[Collected data]
************

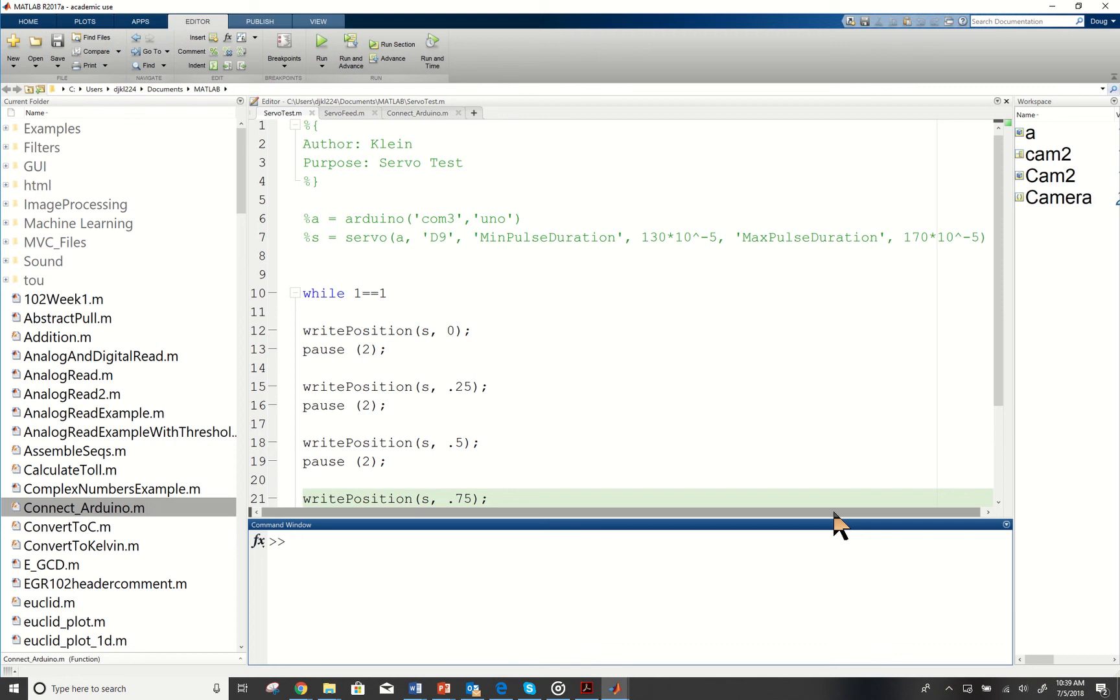So we already have our servo connected to the Arduino and we're going to connect it into MATLAB so we're able to control it through the software.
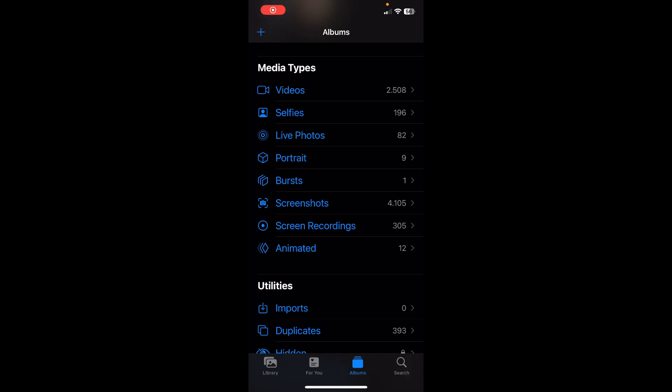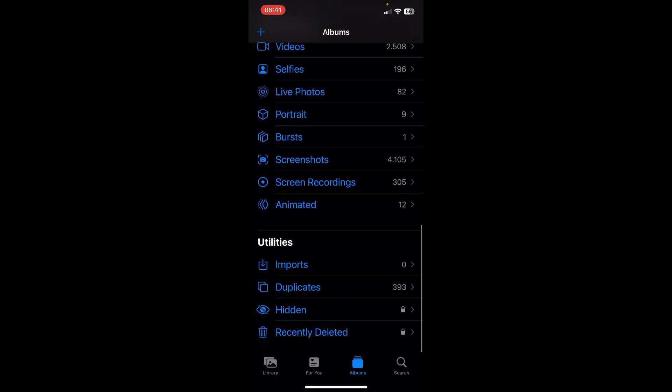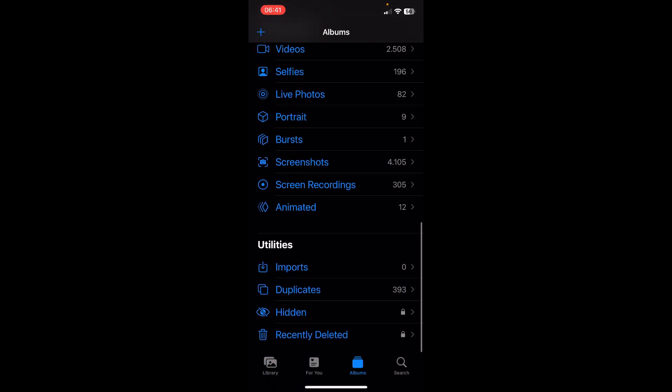Hi everyone, in this video I'm going to show you how to delete hidden photos on iPhone. First of all, open the gallery app and then tap on albums and scroll down until you see this hidden button.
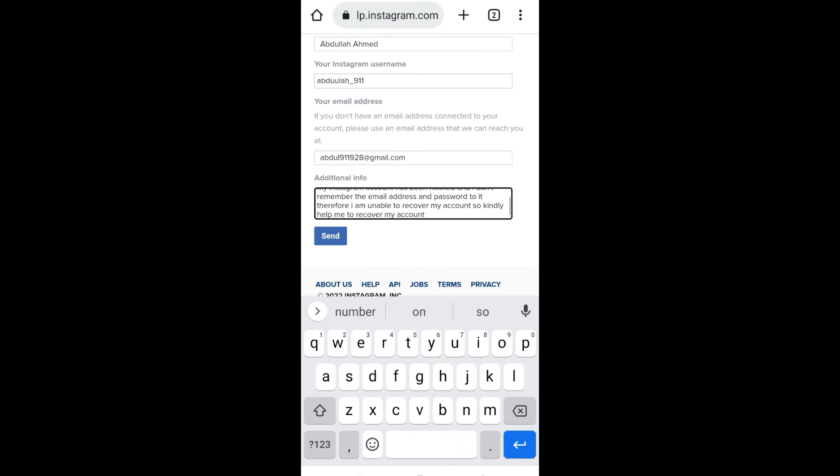Once you have stated the issue, all you have to do is click on the send option. Within a few hours, you will receive a response from team Instagram on the new email address and your account will be recovered.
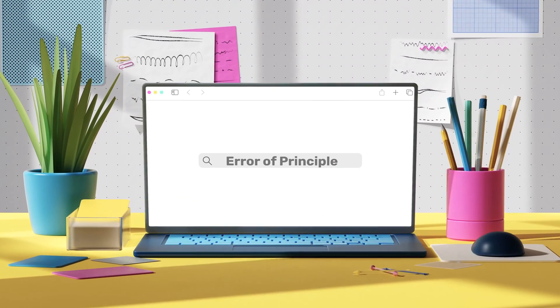Next we have an error of principle, which describes when a transaction has been entered into the wrong type of account. A good example would be motor vehicle expenses being entered into the motor vehicles account. The motor vehicles account records the purchase of an asset, whereas motor vehicle expenses should go to the motor vehicle expense account. Both expenses and assets carry an expected debit balance and both increase with a debit entry. The system cannot recognise what should go to an expense account versus an asset account, so this would not cause an imbalance and would not be disclosed.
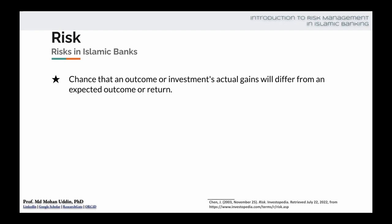If you say that this is for sure that we will get a 15% return, you cannot really say that because the future is uncertain. So there is a possibility that the actual return will deviate from this expected 15%. The degree of that deviation is called risk.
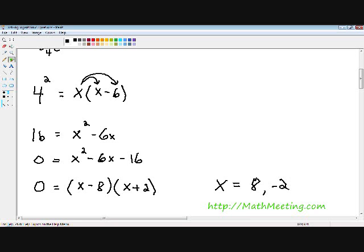If you had trouble following how I solved that quadratic equation by factoring, go back to my videos on how to factor trinomials — that explains how I solved it. So we have two solutions: x equals 8 and x equals negative 2.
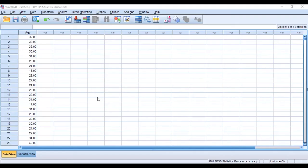We have entered our continuous data set, that is age. Now we want to categorize our continuous variable age into various intervals as shown here.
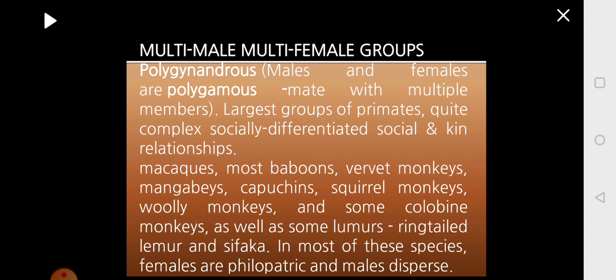In most of these species, females are philopatric and males will disperse — females remain in the native group and mate with members of the group, whereas males can leave and return. When females live in their native group, this is called philopatry. So females are philopatric whereas males will disperse.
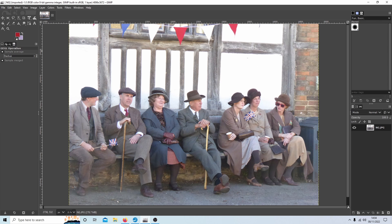This is a picture which lends itself quite well to placing a grain effect over and also converting to black and white, ignoring the cardboard coffee cups here.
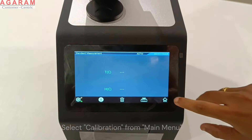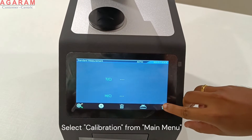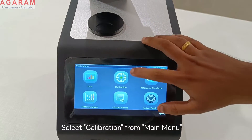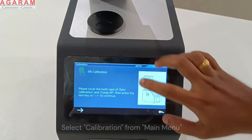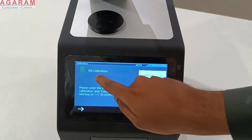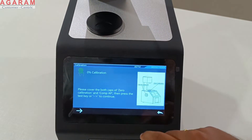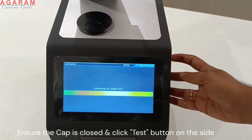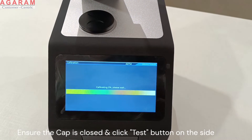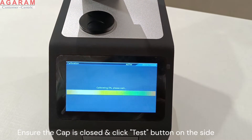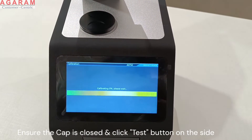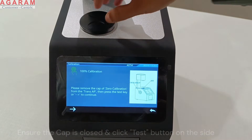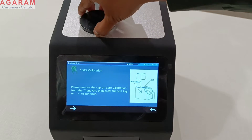To initiate self calibration, open the main menu and click calibration. During the zero calibration mode, the cap needs to be fully closed and no light would pass through the measuring aperture, simulating a 0% transmission of light.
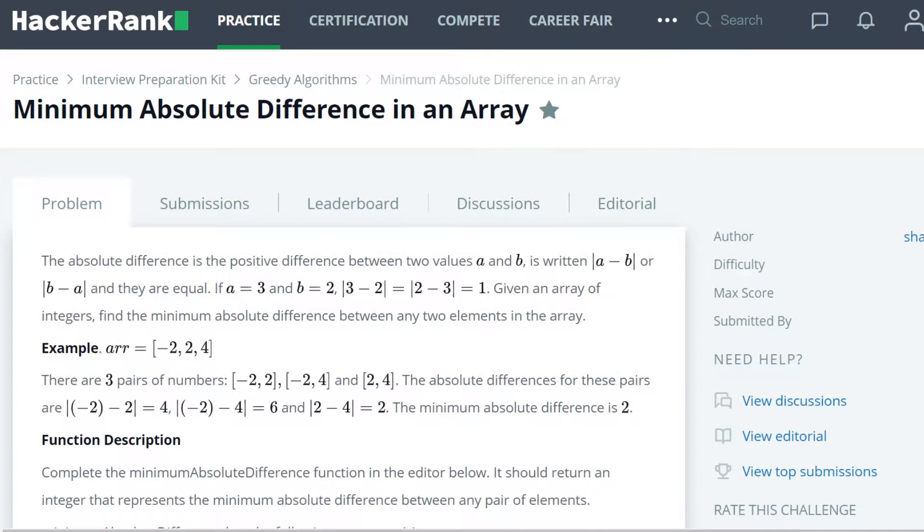Hello, my name is Brian Dick. I'm a software engineer, and this is my YouTube tutorial series on the HackerRank Interview Preparation Kit. This is our first greedy algorithms problem, and it is the minimum absolute difference in array problem. Let's get to it.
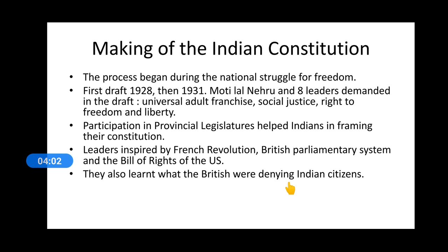The first draft was in 1928, then 1931. Motilal Nehru and eight leaders demanded universal adult franchise, social justice, right to freedom, and liberty. One of the major advantages for the makers of the Indian constitution was that the consciousness about what democratic India should look like was already evoked during the freedom struggle.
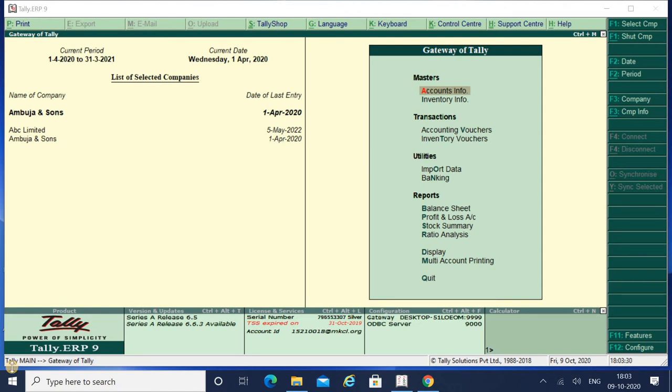Hey friends, welcome back to my YouTube channel. Myself Neha and the name of my YouTube channel is Let's Talk About Accounting. In today's video I will be taking the topic as ledger modification.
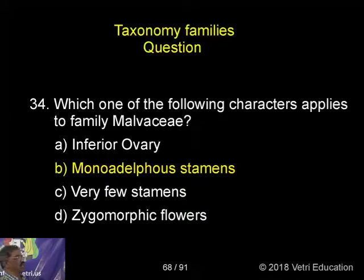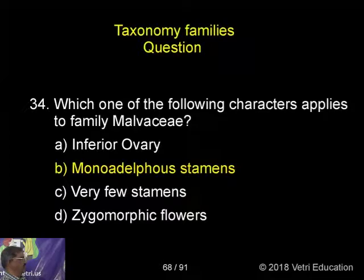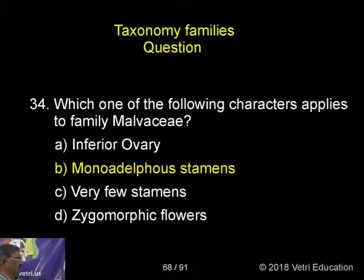Which one of the following characteristics applies to the family Malvaceae? Inferior vocabulary, monodelphous stamens, very few stamens, or the ergomorphic flower. The correct characteristic is B — monodelphous stamens.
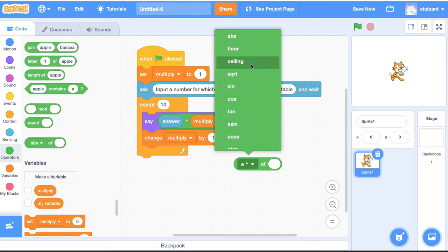You could try writing programs where the user inputs a number and you tell them the square root or the absolute value of that number. Have fun exploring maths with Scratch!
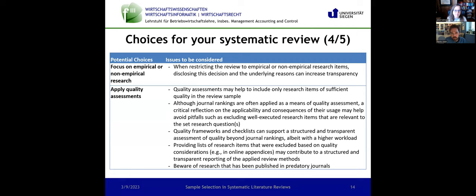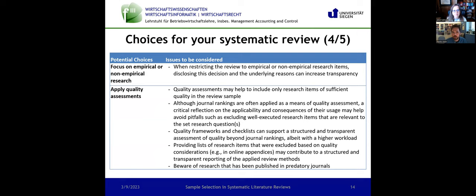The focus on empirical versus non-empirical is something you could define in your research question, but it's not always done that way. You could say whether you only want to focus on empirical or non-empirical research items, but it's important to disclose this choice. Some of the articles I looked at didn't disclose it. It's important for the reader to be able to trace the sample selection. On the question of quality assessments, quite some reviews I looked at bypassed this by using journal rankings — including only A and B journals and excluding C or D journals.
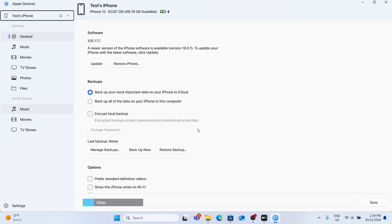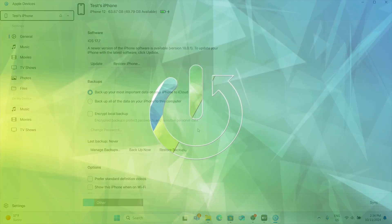Hello. In this video, I'm going to show you how to disable automatic updates of Apple Devices app on Windows PC.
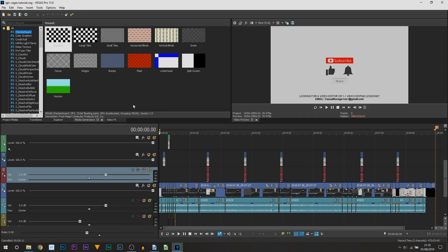What's going on guys, Casual Savage here, and in this video I'm going to be showing you how to upload videos directly to YouTube using Vegas Pro 15.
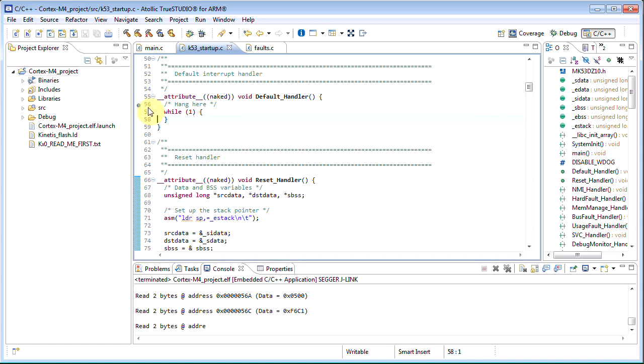If the fault analyzer seems to show incorrect information, this could be a result of the stack pointer being changed by the fault handler code before the breakpoint hits. GCC, for instance, by default adds a push instruction to all functions. The result could be that the fault analyzer reads the exception stack frame with wrong offset and thus shows incorrect information. One way to resolve this could be to add the attribute naked to your fault exception handler.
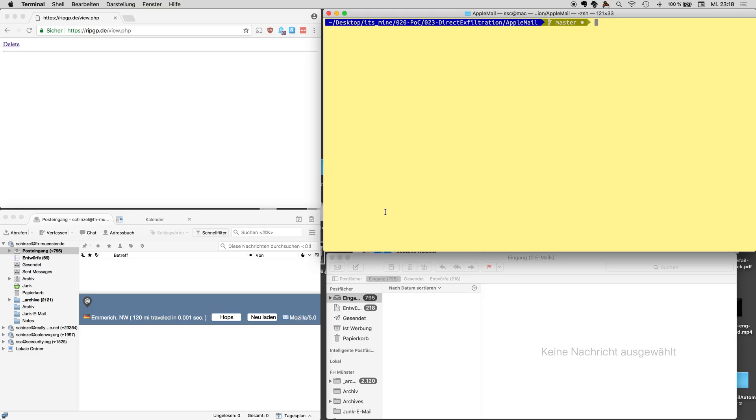So I want to show you how the Efail Attack works and we're looking at the direct exfiltration part of the Efail Attack.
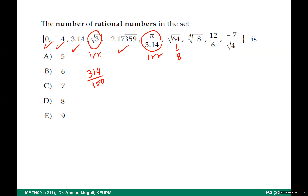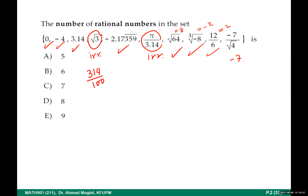Pi over 3.14 — be careful, this is not one because pi is not 3.14. It is a fraction but not integer over integer, so it is irrational. Square root of 64: simplify first — it equals eight, which is rational. The cubic root of negative eight equals negative two, which is rational. Twelve over six equals two — clearly rational. Negative seven over the square root of four: simplify the square root of four to two, giving negative seven over two, which is rational. Negative seven over the square root of seven is irrational.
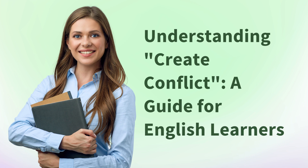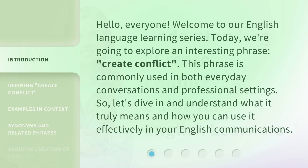Understanding Create Conflict: a Guide for English Learners. Hello everyone, welcome to our English language learning series. Today, we're going to explore an interesting phrase: Create Conflict. This phrase is commonly used in both everyday conversations and professional settings. So let's dive in and understand what it truly means and how you can use it effectively in your English communications.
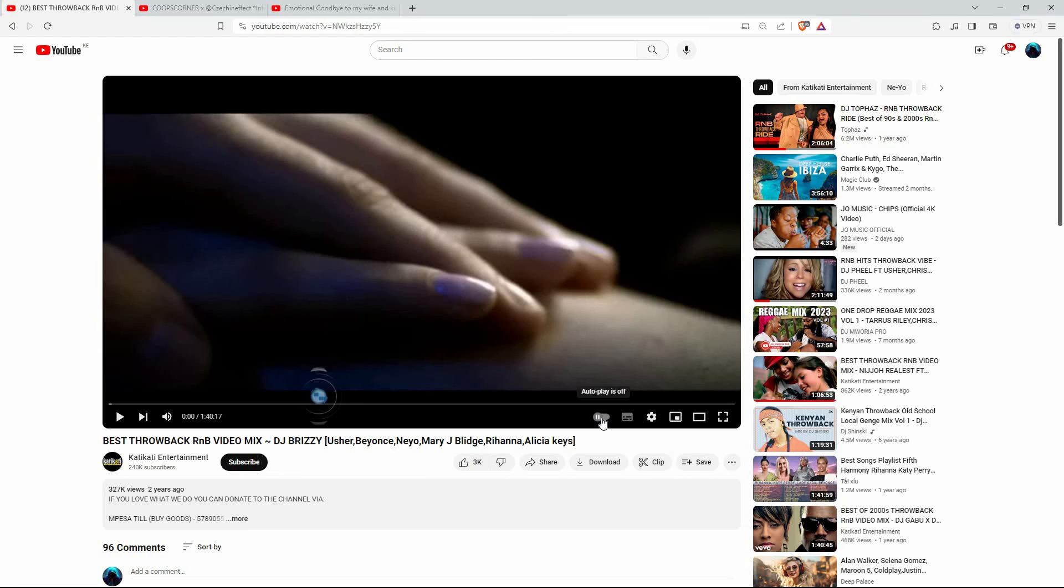If this video was helpful, please leave a like and subscribe to my channel for more videos like this and click on that notification bell to never miss an update.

************

# [Task requirements]
Repeat the data exactly in full, omitting its pictures.

# [Answer below]
So we already have our servo connected to the Arduino and we're going to connect it into MATLAB so we're able to control it through the software.
Hi everyone, in this video I'm going to show you how to delete hidden photos on iPhone. First of all, open the gallery app and then tap on albums and scroll down until you see this hidden button.
Once you have stated the issue, all you have to do is click on the send option. Within a few hours, you will receive a response from team Instagram on the new email address and your account will be recovered.
Next we have an error of principle, which describes when a transaction has been entered into the wrong type of account. A good example would be motor vehicle expenses being entered into the motor vehicles account. The motor vehicles account records the purchase of an asset, whereas motor vehicle expenses should go to the motor vehicle expense account. Both expenses and assets carry an expected debit balance and both increase with a debit entry. The system cannot recognise what should go to an expense account versus an asset account, so this would not cause an imbalance and would not be disclosed.
If you say that this is for sure that we will get a 15% return, you cannot really say that because the future is uncertain. So there is a possibility that the actual return will deviate from this expected 15%. The degree of that deviation is called risk.
If you had trouble following how I solved that quadratic equation by factoring, go back to my videos on how to factor trinomials — that explains how I solved it. So we have two solutions: x equals 8 and x equals negative 2.
We have entered our continuous data set, that is age. Now we want to categorize our continuous variable age into various intervals as shown here.
In most of these species, females are philopatric and males will disperse — females remain in the native group and mate with members of the group, whereas males can leave and return. When females live in their native group, this is called philopatry. So females are philopatric whereas males will disperse.
This is a picture which lends itself quite well to placing a grain effect over and also converting to black and white, ignoring the cardboard coffee cups here.
To initiate self calibration, open the main menu and click calibration. During the zero calibration mode, the cap needs to be fully closed and no light would pass through the measuring aperture, simulating a 0% transmission of light.
Hello, my name is Brian Dick. I'm a software engineer, and this is my YouTube tutorial series on the HackerRank Interview Preparation Kit. This is our first greedy algorithms problem, and it is the minimum absolute difference in array problem. Let's get to it.
The first draft was in 1928, then 1931. Motilal Nehru and eight leaders demanded universal adult franchise, social justice, right to freedom, and liberty. One of the major advantages for the makers of the Indian constitution was that the consciousness about what democratic India should look like was already evoked during the freedom struggle.
Hey friends, welcome back to my YouTube channel. Myself Neha and the name of my YouTube channel is Let's Talk About Accounting. In today's video I will be taking the topic as ledger modification.
Which one of the following characteristics applies to the family Malvaceae? Inferior vocabulary, monodelphous stamens, very few stamens, or the ergomorphic flower. The correct characteristic is B — monodelphous stamens.
You could try writing programs where the user inputs a number and you tell them the square root or the absolute value of that number. Have fun exploring maths with Scratch!
The focus on empirical versus non-empirical is something you could define in your research question, but it's not always done that way. You could say whether you only want to focus on empirical or non-empirical research items, but it's important to disclose this choice. Some of the articles I looked at didn't disclose it. It's important for the reader to be able to trace the sample selection. On the question of quality assessments, quite some reviews I looked at bypassed this by using journal rankings — including only A and B journals and excluding C or D journals.
Hello. In this video, I'm going to show you how to disable automatic updates of Apple Devices app on Windows PC.
What's going on guys, Casual Savage here, and in this video I'm going to be showing you how to upload videos directly to YouTube using Vegas Pro 15.
If the fault analyzer seems to show incorrect information, this could be a result of the stack pointer being changed by the fault handler code before the breakpoint hits. GCC, for instance, by default adds a push instruction to all functions. The result could be that the fault analyzer reads the exception stack frame with wrong offset and thus shows incorrect information. One way to resolve this could be to add the attribute naked to your fault exception handler.
So I want to show you how the Efail Attack works and we're looking at the direct exfiltration part of the Efail Attack.
Pi over 3.14 — be careful, this is not one because pi is not 3.14. It is a fraction but not integer over integer, so it is irrational. Square root of 64: simplify first — it equals eight, which is rational. The cubic root of negative eight equals negative two, which is rational. Twelve over six equals two — clearly rational. Negative seven over the square root of four: simplify the square root of four to two, giving negative seven over two, which is rational. Negative seven over the square root of seven is irrational.
Understanding Create Conflict: a Guide for English Learners. Hello everyone, welcome to our English language learning series. Today, we're going to explore an interesting phrase: Create Conflict. This phrase is commonly used in both everyday conversations and professional settings. So let's dive in and understand what it truly means and how you can use it effectively in your English communications.
If this video was helpful, please leave a like and subscribe to my channel for more videos like this and click on that notification bell to never miss an update.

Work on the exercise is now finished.